== EXERCISE INPUT
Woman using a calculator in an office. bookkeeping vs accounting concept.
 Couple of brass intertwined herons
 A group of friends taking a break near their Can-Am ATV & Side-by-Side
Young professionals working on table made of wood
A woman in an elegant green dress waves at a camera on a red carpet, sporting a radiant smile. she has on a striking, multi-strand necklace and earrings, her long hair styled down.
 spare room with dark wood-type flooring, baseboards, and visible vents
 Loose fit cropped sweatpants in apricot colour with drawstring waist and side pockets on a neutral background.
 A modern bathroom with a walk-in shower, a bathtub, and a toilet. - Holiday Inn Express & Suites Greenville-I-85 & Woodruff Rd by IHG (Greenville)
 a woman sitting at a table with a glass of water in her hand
====
In your answer, include only the lines above starting at the line that holds "Young professionals working" and ending at the line that holds "A woman in an", copied exactly.

Young professionals working on table made of wood
A woman in an elegant green dress waves at a camera on a red carpet, sporting a radiant smile. she has on a striking, multi-strand necklace and earrings, her long hair styled down.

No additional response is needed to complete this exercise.